The country’s judiciary carried out an extensive investigation of Iran’s biggest bank fraud case. The businessman alleged to have led the fraud, Mahafarid Amir-Khosravi, was charged with forging letters of credit from Iran’s Bank Saderat. The loans funded dozens of companies and purchase of a steel plant. Some claimed those close to the powerful abused their positions to procure the money. In addition, bank managers were said to have accepted bribes to get letters of credit and loans.
Officials announced on Feb. 18 that the death penalty had been handed down to four people—Amir-Khosravi, his legal advisor Behdad Behzadi, his financial solicitor Iraj Shoja, and Saeed Kiani Rezazadeh, in charge of a branch of Saderat Bank—for embezzling $2.6 billion in bank loans. Two others were sentenced to life, and others received jail sentences of up to 25 years in a case that shocked Iranians.
Others implicated in the case were sentenced to flogging, ordered to pay fines and banned from government jobs. Former head of Iran’s biggest bank, Bank Melli, Mahmoud Reza Khavari, resigned over the scandal and fled to Canada.

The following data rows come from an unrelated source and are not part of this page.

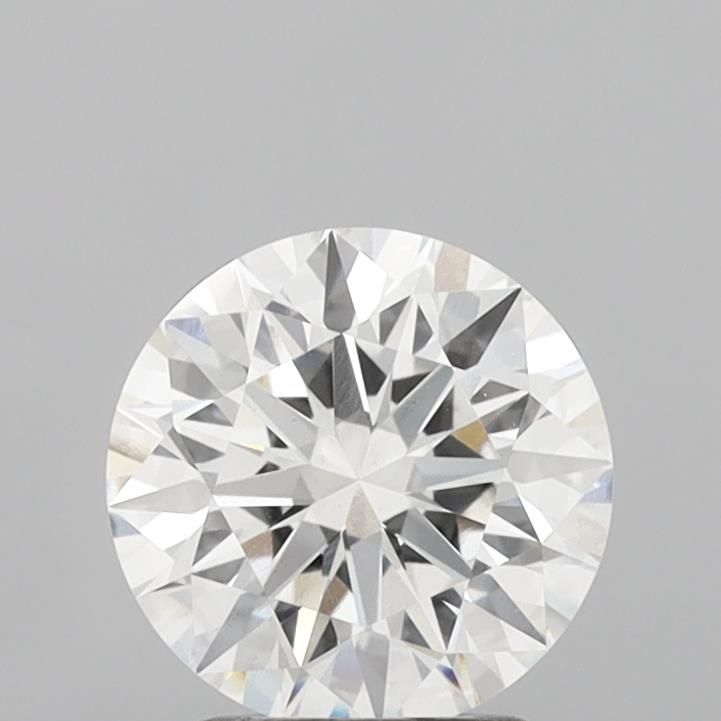 Lab Grown Diamond Lab-grown 2,06Ct F-VS2 Round - IGILG749568641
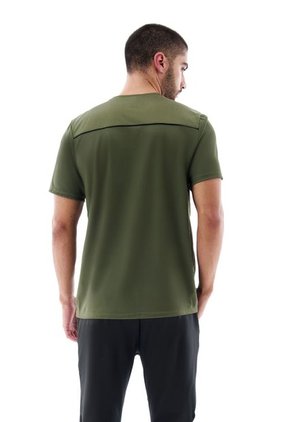 Camiseta Manga Corta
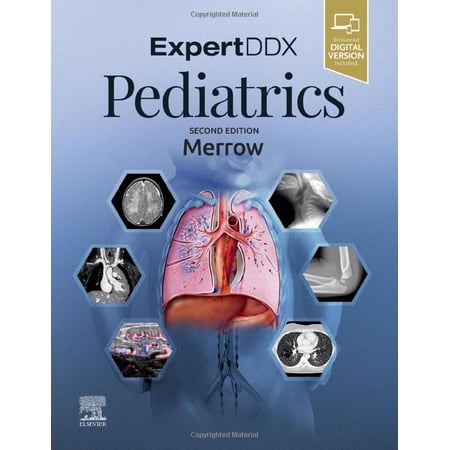 Pre-Owned EXPERTddx: Pediatrics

Even among contending politicians, calls for swift action united all sides.
Iran’s reaction to greed and corruption is in marked contrast to U.S. inaction for even bigger crimes. Bank executives who had overseen predatory lending and other fraudulent practices have stayed in power and out of prison even after the financial institutions they headed teetered on the brink of collapse, only to be saved by government bailouts at taxpayer expense.

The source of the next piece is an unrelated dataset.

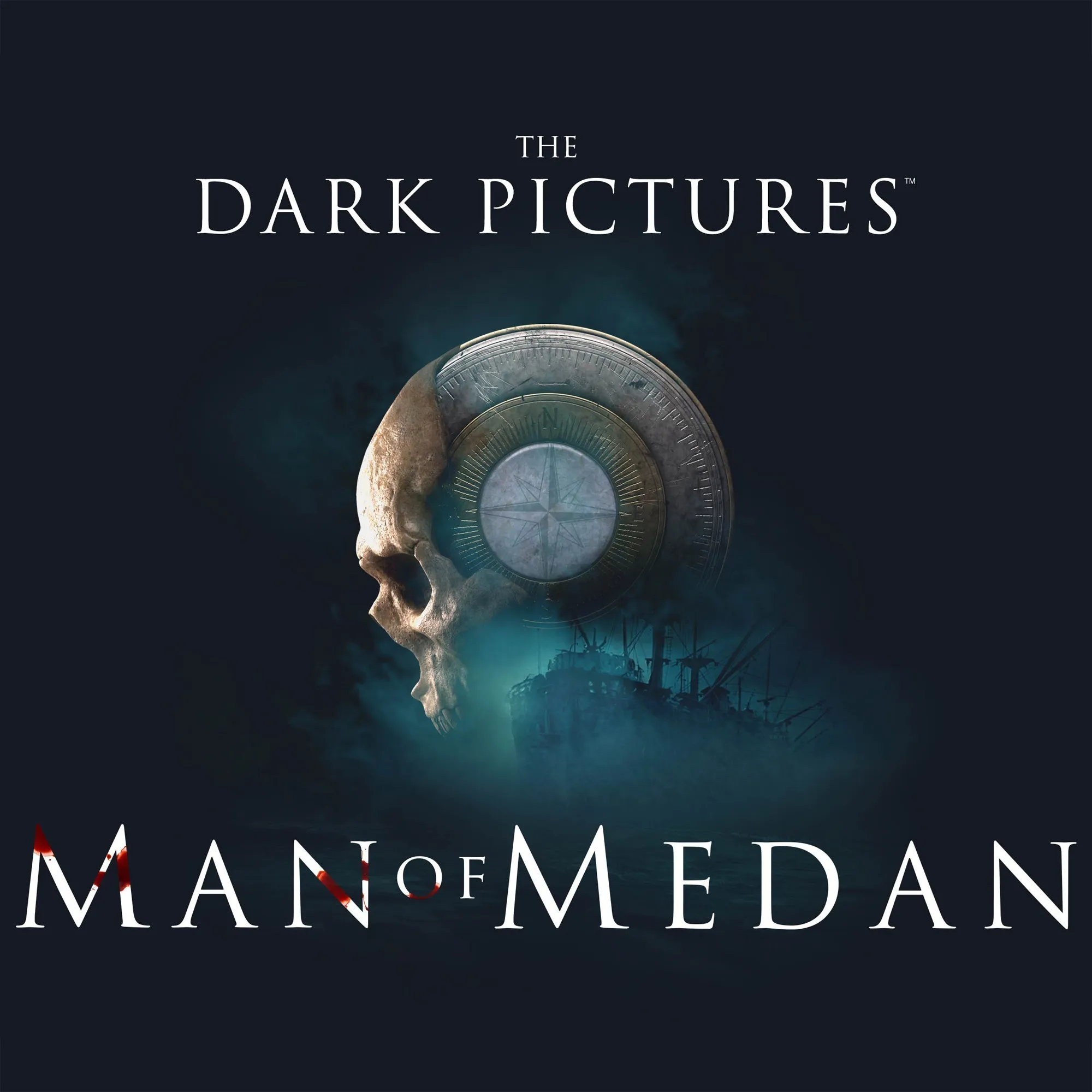 The Dark Pictures Anthology Franchise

The bailouts included partial nationalization of the banks. But instead of following through and seizing these “too-big-to-fail” financial giants and turning them over to committees of workers and community representatives to be run in the public interest—a popular demand raised by the Party for Socialism and Liberation—the government has allowed business to continue as usual and the bank executives to keep collecting obscene bonuses.
The result is all too predictable—another financial disaster is only a matter of time.